I climb onto the exam table. My husband and my doctor are on my left. The ultrasound tech is on my right. The tiny crowded room is darkened so that the screen is easier to read. She checks the position of the amniotic sac in relation to the cervix. Good placement. She checks other things which make no sense to me, but apparently look good. Satisfied that everything is great, I stop paying attention as we are chatting, until my doctor says, “Is that what I think it is?” My full attention is recaptured instantly and Richard and I quickly request clarification. The ultrasound tech seems pleased to report that it is what my doctor thinks it is, and she answers our concerned question with, “There are two.” Two what? Babies. Twins! My doctor, in a drawn out awww-you-shouldn’t-have kind of way, exclaims, “You guys”. Richard sheds a few tears. I burst into laughter. It is an insanely wonderful moment. We are stunned and elated, dizzy and numb, wide-eyed and grinning stupidly. The rest of the appointment is a blur. We cannot wait to start calling everyone.
Before it became reality, we had joked about twins, some people had prayed for us to have twins, and we had talked about how twins would be an amazing epilogue to our story. One time in particular, Richard and I were having a discussion. He was upset about something, which temporarily blinded him to the many blessings in our lives. I have the terrible tendency to try to cheer him up instead of simply empathizing. I can see that now, but at the time, I thought I should remind him of some of the good things that had been happening. He’d been enjoying one of the best financial years in his career to-date. I had been given two raises. I also had the opportunity to be a guest designer on two episodes of an HGTV show. I was feeling very blessed and hopeful about the future. But for him, it was easy to rationalize all of it as random. He questioned, “How do you know God really had a hand in any of those things?” He retorted that if we had twins, that would undeniably be God’s doing.

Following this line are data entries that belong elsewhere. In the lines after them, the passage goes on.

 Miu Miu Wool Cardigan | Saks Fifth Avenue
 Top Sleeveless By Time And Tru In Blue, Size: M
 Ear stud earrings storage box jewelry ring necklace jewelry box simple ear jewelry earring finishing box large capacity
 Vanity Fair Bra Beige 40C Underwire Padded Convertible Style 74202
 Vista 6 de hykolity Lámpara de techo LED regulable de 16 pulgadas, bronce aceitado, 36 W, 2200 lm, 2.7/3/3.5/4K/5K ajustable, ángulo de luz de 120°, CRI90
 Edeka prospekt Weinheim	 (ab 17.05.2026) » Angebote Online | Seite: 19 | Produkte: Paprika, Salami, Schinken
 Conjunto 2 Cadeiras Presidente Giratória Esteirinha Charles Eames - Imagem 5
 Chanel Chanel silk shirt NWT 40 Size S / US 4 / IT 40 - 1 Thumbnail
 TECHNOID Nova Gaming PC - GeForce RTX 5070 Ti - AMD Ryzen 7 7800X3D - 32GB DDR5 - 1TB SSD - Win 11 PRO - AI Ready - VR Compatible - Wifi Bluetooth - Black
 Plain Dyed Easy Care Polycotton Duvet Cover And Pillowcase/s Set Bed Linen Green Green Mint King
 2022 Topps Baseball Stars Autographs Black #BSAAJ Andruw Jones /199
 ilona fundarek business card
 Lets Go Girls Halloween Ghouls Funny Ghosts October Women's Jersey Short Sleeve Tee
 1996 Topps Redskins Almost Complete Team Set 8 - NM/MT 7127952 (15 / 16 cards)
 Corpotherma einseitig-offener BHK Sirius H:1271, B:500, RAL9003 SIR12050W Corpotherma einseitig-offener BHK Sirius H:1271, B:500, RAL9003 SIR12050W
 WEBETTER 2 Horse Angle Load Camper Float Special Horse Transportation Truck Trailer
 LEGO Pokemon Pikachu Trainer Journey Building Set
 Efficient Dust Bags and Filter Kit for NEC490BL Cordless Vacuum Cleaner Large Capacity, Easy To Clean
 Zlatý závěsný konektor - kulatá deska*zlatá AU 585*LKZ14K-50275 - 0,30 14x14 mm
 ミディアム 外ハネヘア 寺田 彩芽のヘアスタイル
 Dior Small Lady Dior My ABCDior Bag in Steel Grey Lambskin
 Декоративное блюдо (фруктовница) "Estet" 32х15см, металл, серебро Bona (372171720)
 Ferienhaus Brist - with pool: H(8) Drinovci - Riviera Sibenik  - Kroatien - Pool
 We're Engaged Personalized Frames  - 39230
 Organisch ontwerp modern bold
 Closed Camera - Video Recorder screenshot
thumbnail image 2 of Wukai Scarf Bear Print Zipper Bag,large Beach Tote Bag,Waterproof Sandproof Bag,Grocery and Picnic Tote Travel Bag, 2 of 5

Twins do not run in our immediate families, and we had never been on fertility treatments. I prayed silently and sadly, “God, you heard him.”
Surely, now that I really am having twins, Richard will acknowledge that God’s fingerprints are all over this double blessing. To my disappointment, he kind of brushes it off, though. I quietly decide that he’s going to have to work out his trust issues with the Big Man himself. I guess it will take a little longer for him to resolve his anger about losing Trinity, and that’s certainly valid. I will have to lovingly persist in prayer.
But for now, the party gets a hurricane force second wind as we call every family member and friend we can. We are on our cell phones for many hours over several days and tears of joy are flowing all over the country. We have no idea how we are going to take care of two babies at the same time, but we are too excited to care. We are more than ready for our happily ever after.